◆ **SOURCE RECORDS**:
━━━━━━
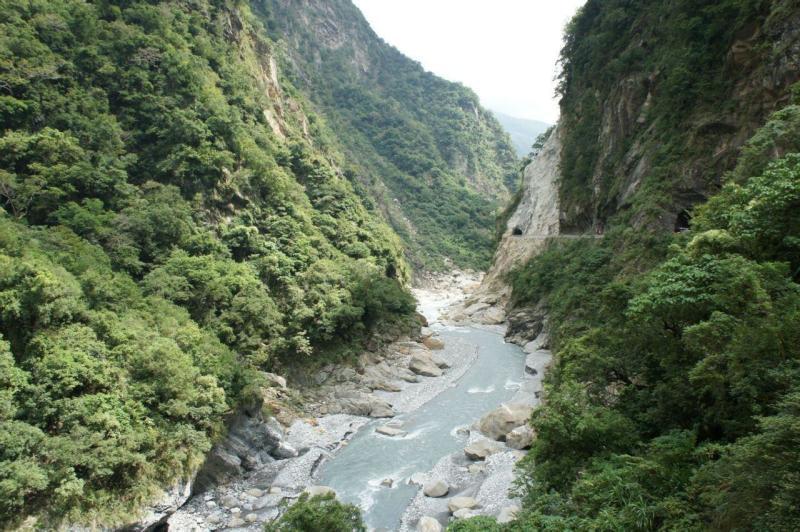 笑脸球的冒险之旅
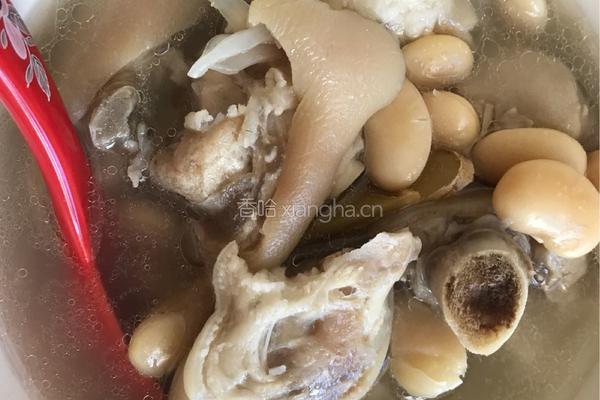 芸豆猪蹄汤的做法图解4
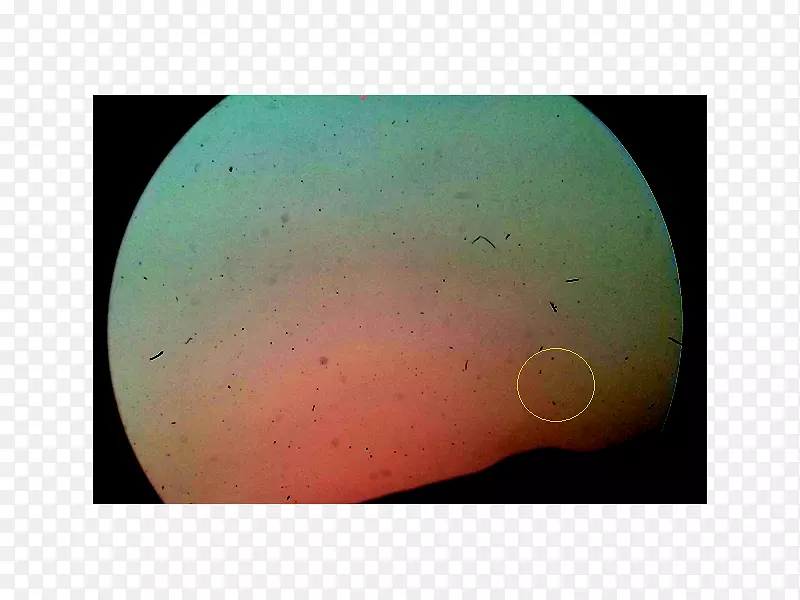 ���Ա�ֽ-���ֶ���ͼƬ-������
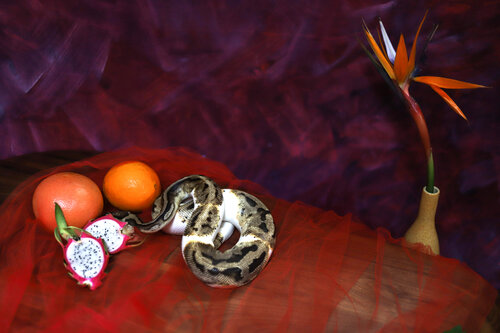 Exotic still life di Kana Gray, Fotografia in vendita su Singulart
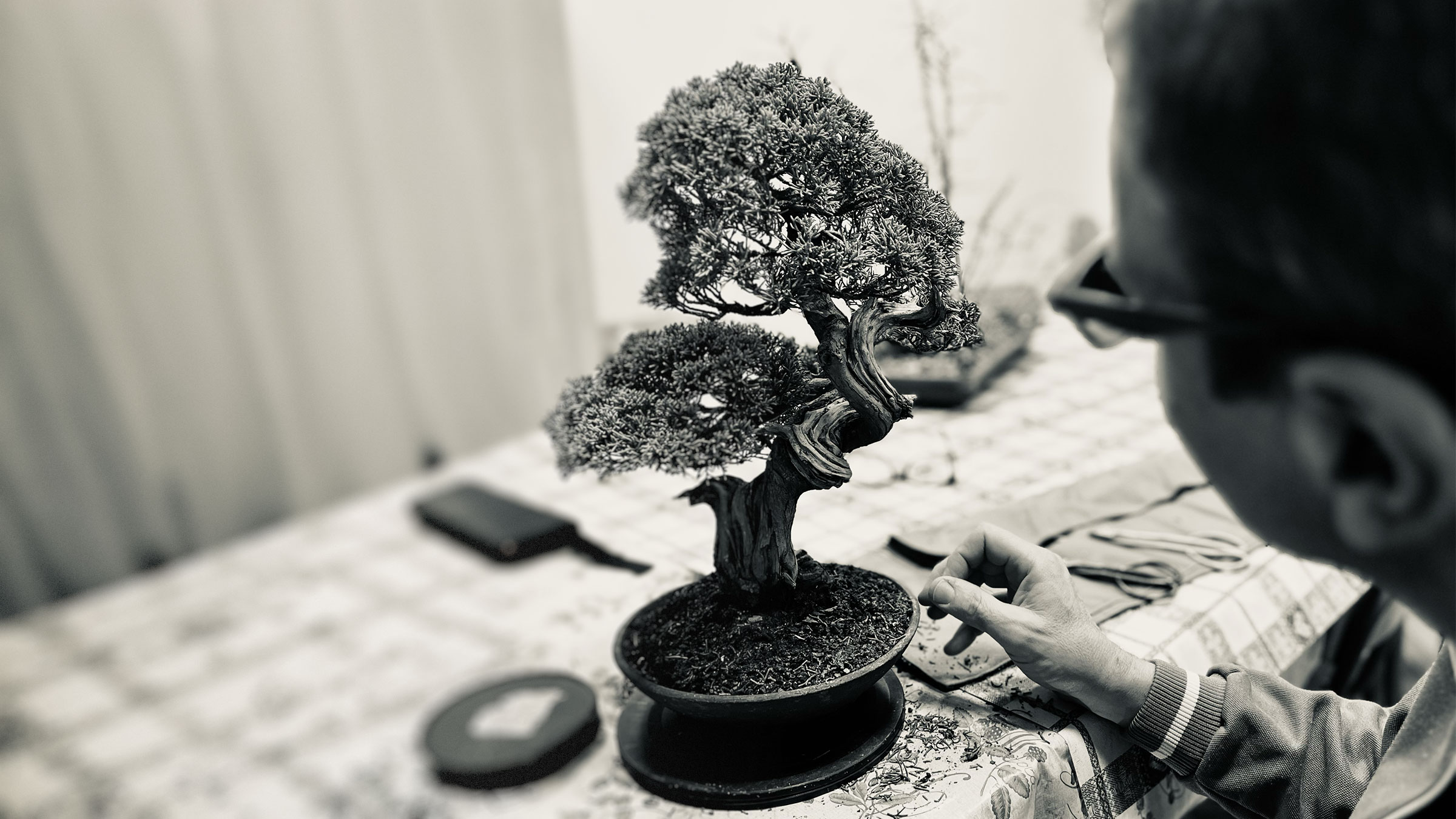 Laboratorio d’Arte Bonsai Staranzano Bonsai in Mostra al Major - Una passeggiata tra gli alberi - Edizione 2026 - Laboratorio d'Arte Bonsai Staranzano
━━━━━━
◆ **WHAT THE EXERCISE ASKS**: Please write out, word for word, only the lines from the one holding "Exotic still life" through the end of the records above, with both end lines included and the pictures dropped.

◆ **RESPONSE TO THIS TASK**:
 Exotic still life di Kana Gray, Fotografia in vendita su Singulart
 Laboratorio d’Arte Bonsai Staranzano Bonsai in Mostra al Major - Una passeggiata tra gli alberi - Edizione 2026 - Laboratorio d'Arte Bonsai Staranzano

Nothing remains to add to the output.